WHAT YOU SHOULD DO: Lines from the top of the entries through the line that has "Located in the" must be duplicated exactly, and no others.

————

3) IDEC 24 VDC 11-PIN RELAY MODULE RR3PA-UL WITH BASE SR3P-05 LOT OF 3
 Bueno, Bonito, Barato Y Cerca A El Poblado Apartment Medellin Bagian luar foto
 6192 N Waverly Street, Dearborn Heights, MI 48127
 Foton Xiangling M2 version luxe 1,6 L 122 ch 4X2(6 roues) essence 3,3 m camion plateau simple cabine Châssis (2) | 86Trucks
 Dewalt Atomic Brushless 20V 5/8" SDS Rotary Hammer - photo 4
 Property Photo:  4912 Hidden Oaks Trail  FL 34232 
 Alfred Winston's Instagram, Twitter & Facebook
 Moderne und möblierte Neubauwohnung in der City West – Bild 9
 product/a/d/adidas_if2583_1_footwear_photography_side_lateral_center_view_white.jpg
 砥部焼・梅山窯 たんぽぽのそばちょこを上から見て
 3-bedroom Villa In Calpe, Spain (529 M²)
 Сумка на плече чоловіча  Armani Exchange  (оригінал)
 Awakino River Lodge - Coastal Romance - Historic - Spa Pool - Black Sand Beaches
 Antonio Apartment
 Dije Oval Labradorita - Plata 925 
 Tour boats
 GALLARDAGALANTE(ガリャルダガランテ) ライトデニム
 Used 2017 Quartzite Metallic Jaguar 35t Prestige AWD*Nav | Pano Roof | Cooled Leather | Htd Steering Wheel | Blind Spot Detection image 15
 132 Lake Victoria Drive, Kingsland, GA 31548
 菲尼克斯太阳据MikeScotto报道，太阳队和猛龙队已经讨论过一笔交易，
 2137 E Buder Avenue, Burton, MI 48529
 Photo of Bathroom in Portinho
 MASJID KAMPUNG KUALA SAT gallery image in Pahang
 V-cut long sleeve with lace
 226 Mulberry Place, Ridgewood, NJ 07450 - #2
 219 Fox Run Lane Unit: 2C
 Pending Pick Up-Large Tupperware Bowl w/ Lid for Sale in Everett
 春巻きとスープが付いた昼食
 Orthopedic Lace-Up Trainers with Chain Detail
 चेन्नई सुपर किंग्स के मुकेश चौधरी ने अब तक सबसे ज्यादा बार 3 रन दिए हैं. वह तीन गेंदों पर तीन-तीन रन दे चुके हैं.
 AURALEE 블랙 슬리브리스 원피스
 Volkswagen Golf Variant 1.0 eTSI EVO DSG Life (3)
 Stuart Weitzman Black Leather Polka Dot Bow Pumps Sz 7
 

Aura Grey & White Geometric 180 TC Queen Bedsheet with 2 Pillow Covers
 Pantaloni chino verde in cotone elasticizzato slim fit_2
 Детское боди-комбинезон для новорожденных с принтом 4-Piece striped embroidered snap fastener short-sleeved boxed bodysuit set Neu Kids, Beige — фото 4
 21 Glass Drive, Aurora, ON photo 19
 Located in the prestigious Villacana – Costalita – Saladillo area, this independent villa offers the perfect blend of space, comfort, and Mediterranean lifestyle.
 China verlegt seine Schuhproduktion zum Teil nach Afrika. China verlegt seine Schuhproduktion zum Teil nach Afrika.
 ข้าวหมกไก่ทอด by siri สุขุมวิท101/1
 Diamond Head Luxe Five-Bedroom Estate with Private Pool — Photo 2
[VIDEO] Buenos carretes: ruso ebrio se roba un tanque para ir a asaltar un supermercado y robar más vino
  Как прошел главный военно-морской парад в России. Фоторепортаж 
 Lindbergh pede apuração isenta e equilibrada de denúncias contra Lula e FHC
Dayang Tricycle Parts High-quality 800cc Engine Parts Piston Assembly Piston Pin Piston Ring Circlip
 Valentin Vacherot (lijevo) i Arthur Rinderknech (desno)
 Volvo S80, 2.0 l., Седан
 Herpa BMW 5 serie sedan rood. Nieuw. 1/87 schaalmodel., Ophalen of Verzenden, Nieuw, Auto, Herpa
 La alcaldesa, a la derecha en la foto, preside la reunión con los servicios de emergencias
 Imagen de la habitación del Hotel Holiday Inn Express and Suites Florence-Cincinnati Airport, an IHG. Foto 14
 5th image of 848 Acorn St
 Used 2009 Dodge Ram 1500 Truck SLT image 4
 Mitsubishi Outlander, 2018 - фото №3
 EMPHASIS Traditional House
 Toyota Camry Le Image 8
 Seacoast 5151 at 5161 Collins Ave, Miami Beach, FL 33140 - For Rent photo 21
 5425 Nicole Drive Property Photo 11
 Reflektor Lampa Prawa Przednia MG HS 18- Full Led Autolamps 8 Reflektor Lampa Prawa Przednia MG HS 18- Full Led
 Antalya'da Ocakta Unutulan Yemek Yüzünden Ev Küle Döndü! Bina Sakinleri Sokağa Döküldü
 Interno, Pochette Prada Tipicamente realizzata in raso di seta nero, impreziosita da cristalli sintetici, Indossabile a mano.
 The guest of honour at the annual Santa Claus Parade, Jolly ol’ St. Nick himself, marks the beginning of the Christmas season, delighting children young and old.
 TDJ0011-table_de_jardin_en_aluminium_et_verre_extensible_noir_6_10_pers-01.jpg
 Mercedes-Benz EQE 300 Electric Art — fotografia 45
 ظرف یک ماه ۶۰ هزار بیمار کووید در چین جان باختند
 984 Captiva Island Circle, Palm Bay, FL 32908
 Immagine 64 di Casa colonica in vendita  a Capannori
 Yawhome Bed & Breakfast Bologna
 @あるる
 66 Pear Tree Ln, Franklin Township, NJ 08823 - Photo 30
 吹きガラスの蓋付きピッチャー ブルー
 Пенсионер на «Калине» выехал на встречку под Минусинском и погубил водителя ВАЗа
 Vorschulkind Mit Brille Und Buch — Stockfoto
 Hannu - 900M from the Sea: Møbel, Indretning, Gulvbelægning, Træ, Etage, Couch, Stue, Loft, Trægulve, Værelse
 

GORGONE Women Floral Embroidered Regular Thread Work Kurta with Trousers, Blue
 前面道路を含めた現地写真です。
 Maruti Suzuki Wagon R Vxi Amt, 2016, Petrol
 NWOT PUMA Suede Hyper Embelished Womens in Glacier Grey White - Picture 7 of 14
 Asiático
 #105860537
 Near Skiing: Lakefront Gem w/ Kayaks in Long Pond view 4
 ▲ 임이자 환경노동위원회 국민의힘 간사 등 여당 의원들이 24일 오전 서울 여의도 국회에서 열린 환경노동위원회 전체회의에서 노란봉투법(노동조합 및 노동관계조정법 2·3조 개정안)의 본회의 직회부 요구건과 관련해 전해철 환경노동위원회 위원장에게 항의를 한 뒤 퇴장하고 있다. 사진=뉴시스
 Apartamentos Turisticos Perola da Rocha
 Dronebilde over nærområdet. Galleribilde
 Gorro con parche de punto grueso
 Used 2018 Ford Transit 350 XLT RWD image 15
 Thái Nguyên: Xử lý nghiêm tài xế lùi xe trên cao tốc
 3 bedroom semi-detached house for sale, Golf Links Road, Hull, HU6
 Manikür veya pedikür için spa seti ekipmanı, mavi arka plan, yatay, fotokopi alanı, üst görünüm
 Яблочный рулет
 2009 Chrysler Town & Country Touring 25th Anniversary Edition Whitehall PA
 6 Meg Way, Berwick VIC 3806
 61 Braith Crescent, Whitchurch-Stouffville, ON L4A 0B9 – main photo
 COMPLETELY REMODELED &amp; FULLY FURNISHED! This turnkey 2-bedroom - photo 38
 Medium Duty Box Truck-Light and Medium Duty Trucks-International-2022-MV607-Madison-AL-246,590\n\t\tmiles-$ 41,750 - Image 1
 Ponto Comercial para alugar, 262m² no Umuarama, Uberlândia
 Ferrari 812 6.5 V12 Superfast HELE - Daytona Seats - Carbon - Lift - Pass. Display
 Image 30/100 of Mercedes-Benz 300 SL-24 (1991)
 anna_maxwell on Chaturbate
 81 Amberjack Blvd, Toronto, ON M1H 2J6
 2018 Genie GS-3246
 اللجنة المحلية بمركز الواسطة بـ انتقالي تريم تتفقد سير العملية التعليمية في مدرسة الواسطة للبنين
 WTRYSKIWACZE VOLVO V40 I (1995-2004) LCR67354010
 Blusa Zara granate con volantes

————

RESPONSE FOR THIS EXERCISE:
3) IDEC 24 VDC 11-PIN RELAY MODULE RR3PA-UL WITH BASE SR3P-05 LOT OF 3
 Bueno, Bonito, Barato Y Cerca A El Poblado Apartment Medellin Bagian luar foto
 6192 N Waverly Street, Dearborn Heights, MI 48127
 Foton Xiangling M2 version luxe 1,6 L 122 ch 4X2(6 roues) essence 3,3 m camion plateau simple cabine Châssis (2) | 86Trucks
 Dewalt Atomic Brushless 20V 5/8" SDS Rotary Hammer - photo 4
 Property Photo:  4912 Hidden Oaks Trail  FL 34232 
 Alfred Winston's Instagram, Twitter & Facebook
 Moderne und möblierte Neubauwohnung in der City West – Bild 9
 product/a/d/adidas_if2583_1_footwear_photography_side_lateral_center_view_white.jpg
 砥部焼・梅山窯 たんぽぽのそばちょこを上から見て
 3-bedroom Villa In Calpe, Spain (529 M²)
 Сумка на плече чоловіча  Armani Exchange  (оригінал)
 Awakino River Lodge - Coastal Romance - Historic - Spa Pool - Black Sand Beaches
 Antonio Apartment
 Dije Oval Labradorita - Plata 925 
 Tour boats
 GALLARDAGALANTE(ガリャルダガランテ) ライトデニム
 Used 2017 Quartzite Metallic Jaguar 35t Prestige AWD*Nav | Pano Roof | Cooled Leather | Htd Steering Wheel | Blind Spot Detection image 15
 132 Lake Victoria Drive, Kingsland, GA 31548
 菲尼克斯太阳据MikeScotto报道，太阳队和猛龙队已经讨论过一笔交易，
 2137 E Buder Avenue, Burton, MI 48529
 Photo of Bathroom in Portinho
 MASJID KAMPUNG KUALA SAT gallery image in Pahang
 V-cut long sleeve with lace
 226 Mulberry Place, Ridgewood, NJ 07450 - #2
 219 Fox Run Lane Unit: 2C
 Pending Pick Up-Large Tupperware Bowl w/ Lid for Sale in Everett
 春巻きとスープが付いた昼食
 Orthopedic Lace-Up Trainers with Chain Detail
 चेन्नई सुपर किंग्स के मुकेश चौधरी ने अब तक सबसे ज्यादा बार 3 रन दिए हैं. वह तीन गेंदों पर तीन-तीन रन दे चुके हैं.
 AURALEE 블랙 슬리브리스 원피스
 Volkswagen Golf Variant 1.0 eTSI EVO DSG Life (3)
 Stuart Weitzman Black Leather Polka Dot Bow Pumps Sz 7
 

Aura Grey & White Geometric 180 TC Queen Bedsheet with 2 Pillow Covers
 Pantaloni chino verde in cotone elasticizzato slim fit_2
 Детское боди-комбинезон для новорожденных с принтом 4-Piece striped embroidered snap fastener short-sleeved boxed bodysuit set Neu Kids, Beige — фото 4
 21 Glass Drive, Aurora, ON photo 19
 Located in the prestigious Villacana – Costalita – Saladillo area, this independent villa offers the perfect blend of space, comfort, and Mediterranean lifestyle.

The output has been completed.